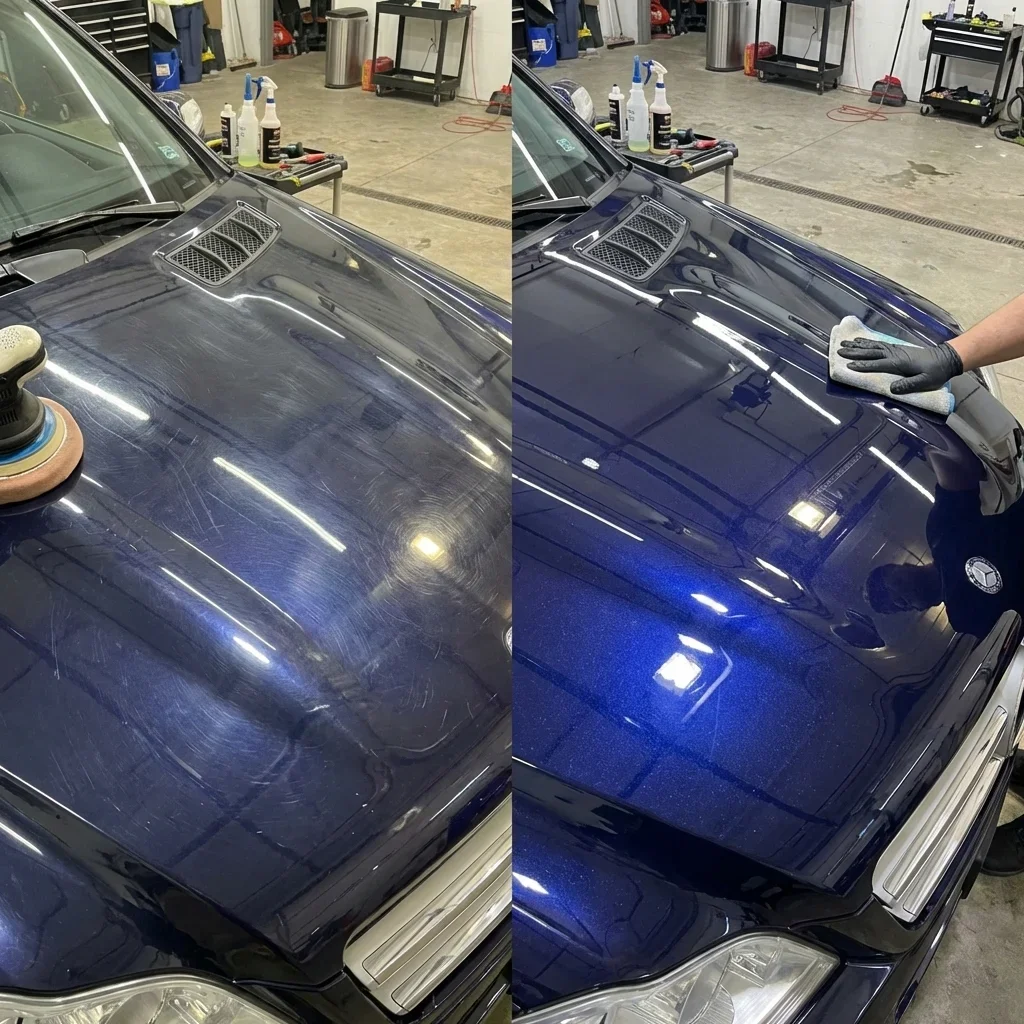 Полировка кузова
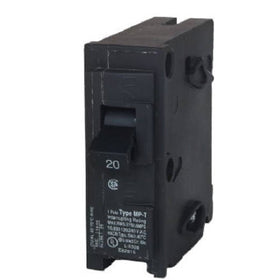 MP130 30-Amp Single Pole Type MP-T Circuit Breaker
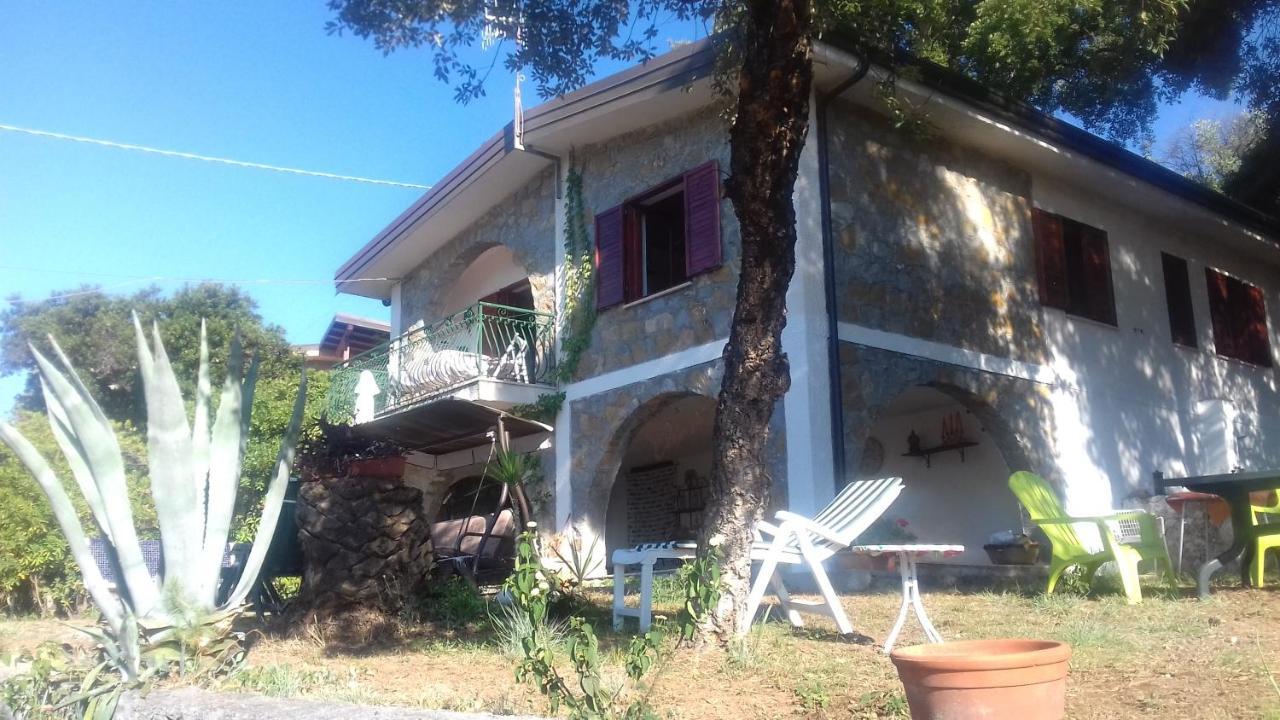 Villa Luisa Sul Mare Capitello Exterior photo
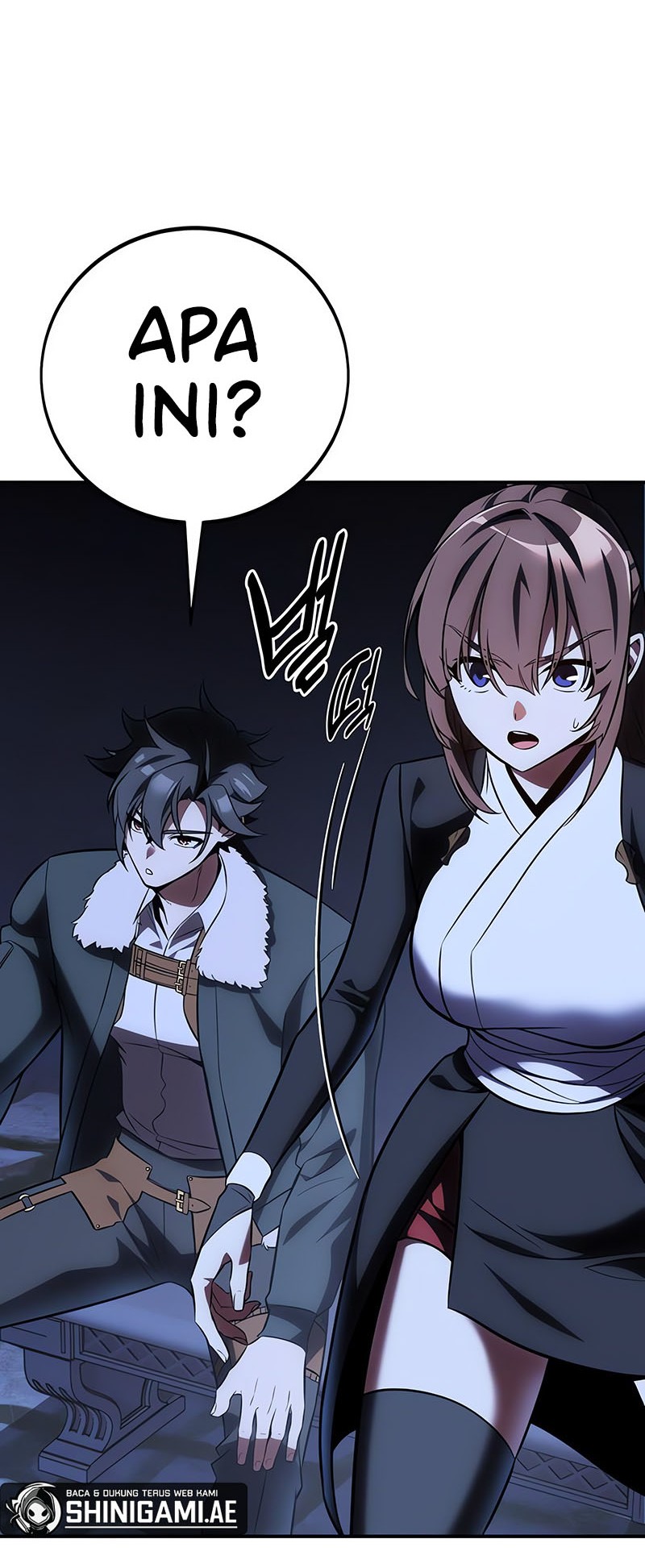 I Killed An Academy Player Chapter 61 Gambar 77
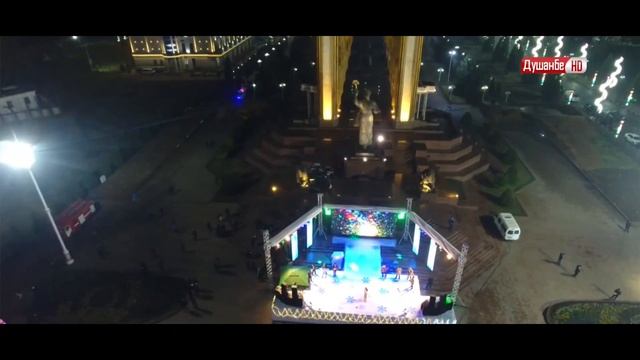 Закия - Шоу консерт соли нав дар Исмоили Сомони шахри Душанбе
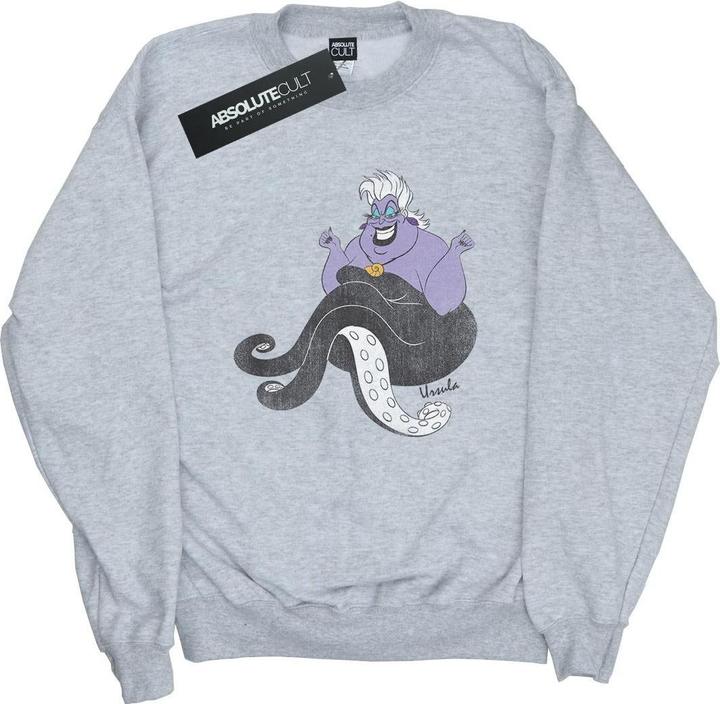 Disney The Little Mermaid Classic Ursula Sweatshirt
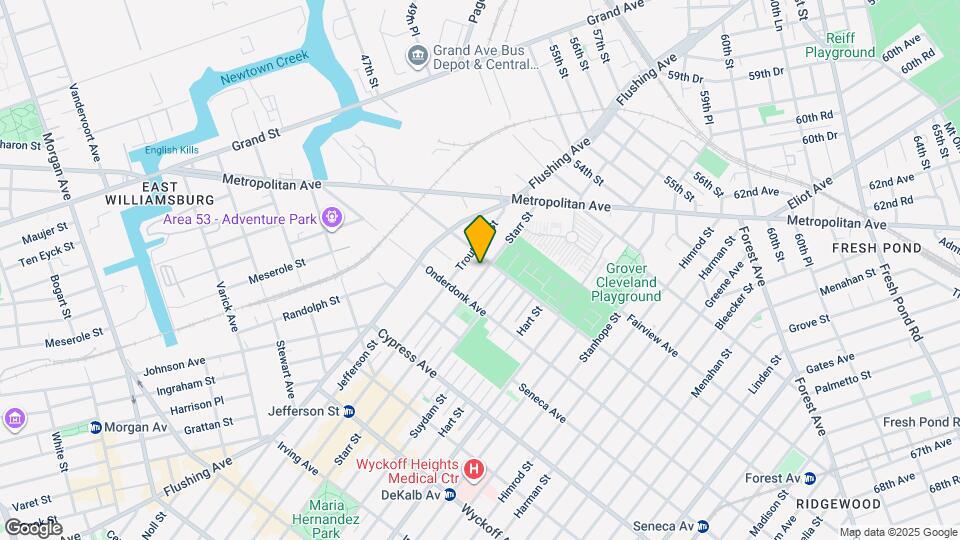 The Strand Map and Location Details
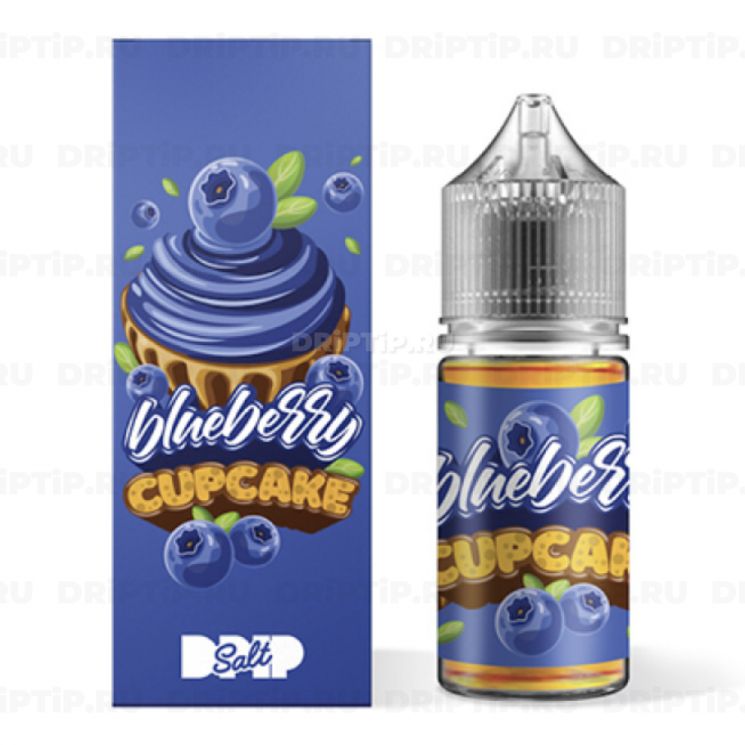 Drip Salt - Blueberry Cupcake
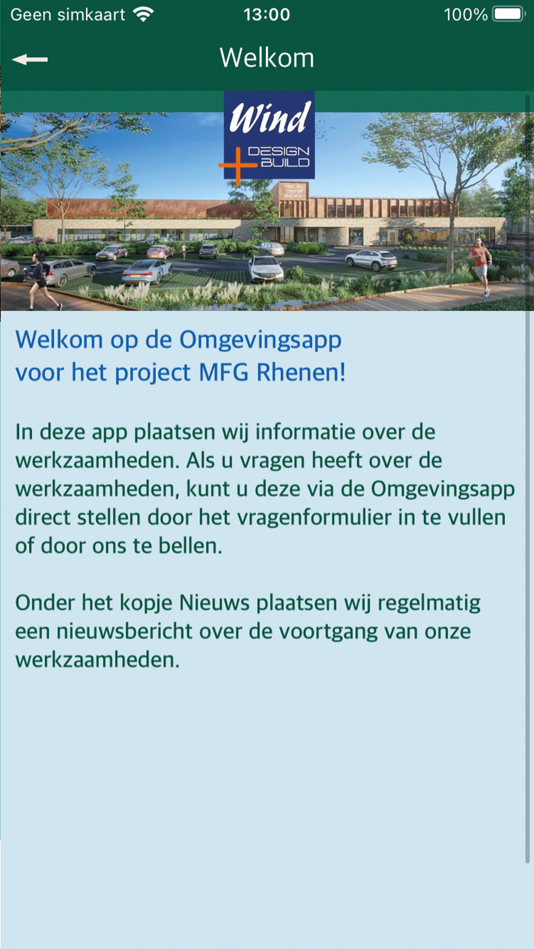#2. MFG Rhenen (iOS) Podle: Wind Design & Build B.V.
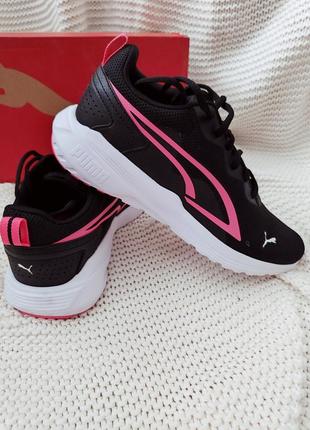 Кросівки  стелька 26 см all-day active puma black-sunset pink-pu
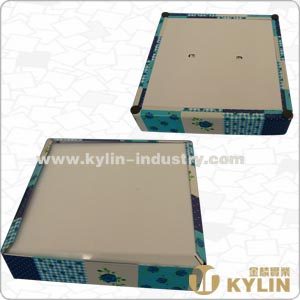square tissue box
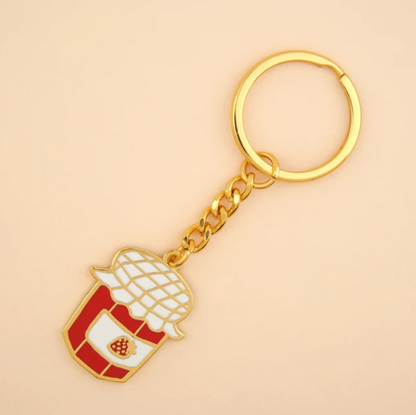 Porte-clés colorés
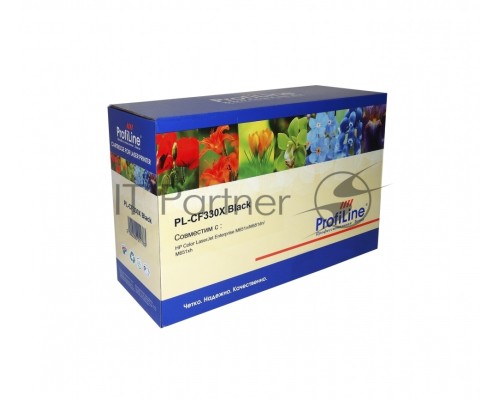 Картридж PL-CF330X №654X для принтеров HP CLJ Enterprise M651dn/651n/651xh 20500 копий Black ProfiLine   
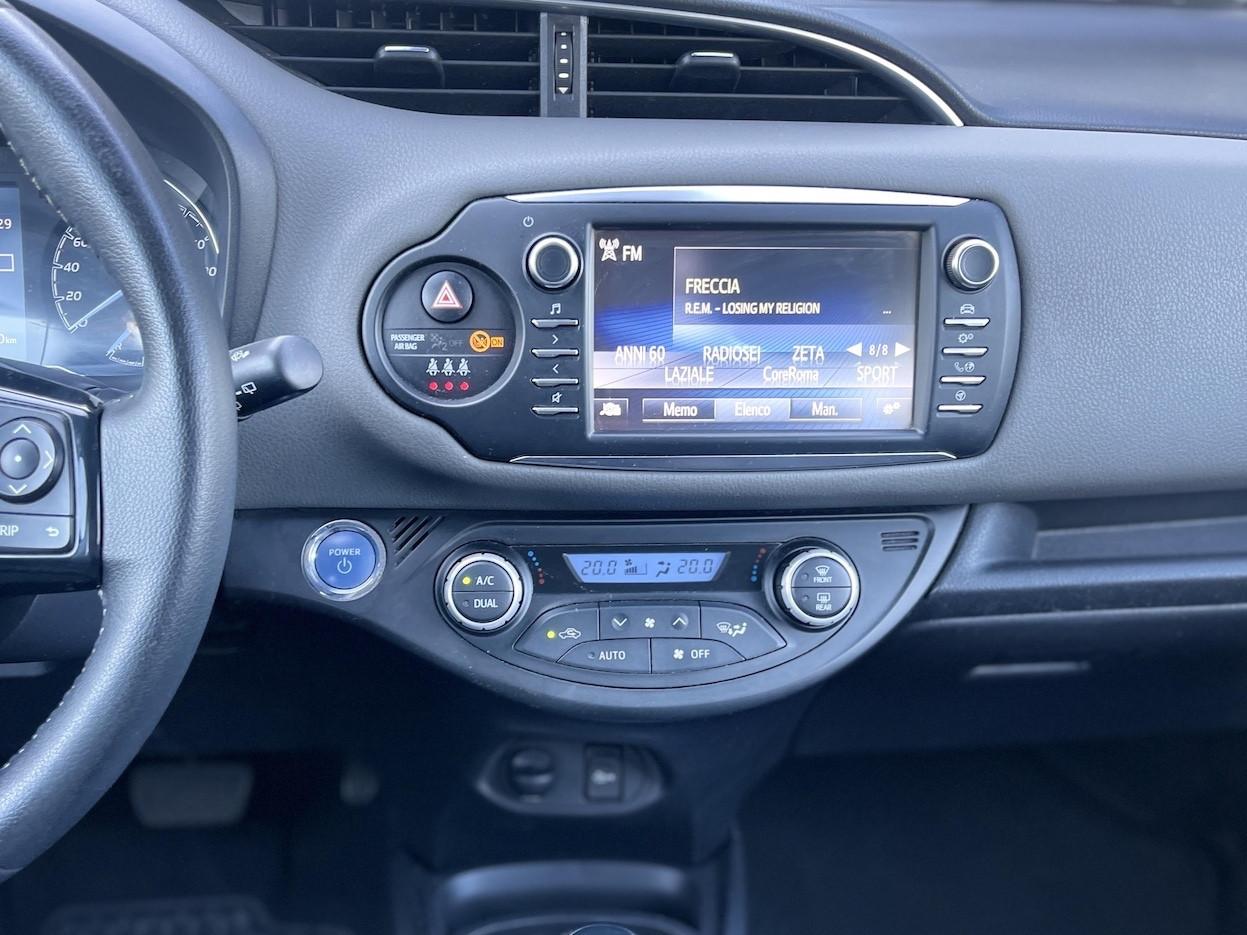 Toyota Yaris 1.5 Hybrid 73CV E6 Automatica Neo. - 2020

--- TASK DIRECTIONS ---
Only the pictures are to be dropped; return everything else in the listing exactly.

--- YOUR SOLUTION ---
 Полировка кузова
 MP130 30-Amp Single Pole Type MP-T Circuit Breaker
 Villa Luisa Sul Mare Capitello Exterior photo
 I Killed An Academy Player Chapter 61 Gambar 77
 Закия - Шоу консерт соли нав дар Исмоили Сомони шахри Душанбе
 Disney The Little Mermaid Classic Ursula Sweatshirt
 The Strand Map and Location Details
 Drip Salt - Blueberry Cupcake
#2. MFG Rhenen (iOS) Podle: Wind Design & Build B.V.
 Кросівки  стелька 26 см all-day active puma black-sunset pink-pu
square tissue box
 Porte-clés colorés
 Картридж PL-CF330X №654X для принтеров HP CLJ Enterprise M651dn/651n/651xh 20500 копий Black ProfiLine   
 Toyota Yaris 1.5 Hybrid 73CV E6 Automatica Neo. - 2020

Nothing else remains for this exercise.